Nahost-Experte Steinbach erwartet Übergabe der Kirche in Tarsus

Wider allen Erwartungen?

Der Nahost-Experte Udo Steinbach erwartet, dass der türkische Ministerpräsident Recep Tayyip Erdogan demnächst die Übergabe der Pauluskirche in Tarsus an die Katholiken bekanntgeben wird. Kirchenvertreter, allen voran der Kölner Erzbischof Joachim Kardinal Meisner, verlangen diesen Schritt seit Jahren, hatten in jüngster Zeit jedoch kaum Fortschritte gesehen.

 (DR)

«Der Erhalt des griechisch-orthodoxen Priesterseminars und der weitere Umgang mit der Kirche in Tarsus sind entscheidende Nagelproben der nächsten 24 Monate für die Türkei», sagte der Orientalist am Donnerstagabend in Hamburg. «Daran wird sich erweisen, ob der Modernisierungsprozess im Land wirklich umgesetzt wird.» Alles entscheidendes Thema in der Türkei sei jedoch augenblicklich die Kurdenfrage, sagte Steinbach, der am Centrum für Nah- und Mitteloststudien in Marburg lehrt. Er äußerte sich in einem Vortrag über die Situation der Christen im Nahen Osten.

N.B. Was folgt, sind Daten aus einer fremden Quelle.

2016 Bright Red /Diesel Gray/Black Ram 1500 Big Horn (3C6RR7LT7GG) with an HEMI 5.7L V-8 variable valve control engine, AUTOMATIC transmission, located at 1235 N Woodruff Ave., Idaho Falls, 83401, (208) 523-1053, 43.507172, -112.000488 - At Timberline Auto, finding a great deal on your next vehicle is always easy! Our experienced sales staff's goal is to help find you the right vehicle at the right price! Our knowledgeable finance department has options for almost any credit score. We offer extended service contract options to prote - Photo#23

Derzeit herrscht Unklarheit darüber, ob die türkische Regierung das seit 1971 geschlossene Priesterseminar auf der Insel Chalki im Marmarameer wieder öffnet. Es ist die einzige Ausbildungsstätte für griechisch-orthodoxe Geistliche in der Türkei. Ebenso besteht ein Konflikt über die Kirche im Paulus-Geburtsort Tarsus. Während des im Juni zu Ende gegangenen Paulusjahres konnten Christen die Kirche für Gebet und Gottesdienst nutzen. Inzwischen ist sie von der Regierung wieder zum Museum erklärt worden; eine liturgische Nutzung muss drei Tage zuvor angemeldet und von der Museumsverwaltung genehmigt werden.  

Kritik an Abwanderung der Christen aus dem Irak
Steinbach sagte weiter, die Situation der Christen im Vorderen Orient sei ein «dunkles Kapitel der Geschichte des Nahen Ostens, das sich vermutlich auch nicht aufhellen wird». Deutschland werde von diesem Thema durch die Aufnahme christlicher Flüchtlinge aus dem Irak berührt. Die Europäische Union (EU) nimmt derzeit EU-weit 10.000 besonders schutzbedürftige Iraker aus Flüchtlingslagern in Syrien und Jordanien auf, davon sollen 2.500 Menschen nach Deutschland kommen. «Damit wird der Irak um 2.000 Christen ärmer, die dem Land beim Wiederaufbau und der Modernisierung des Landes fehlen werden», kritisierte Steinbach. Letztlich hätten sich «wahrscheinlich menschlich zu Recht» die Stimmen durchgesetzt, die den Flüchtlingen wieder eine Heimat ermöglichen wollten, räumte der Wissenschaftler ein.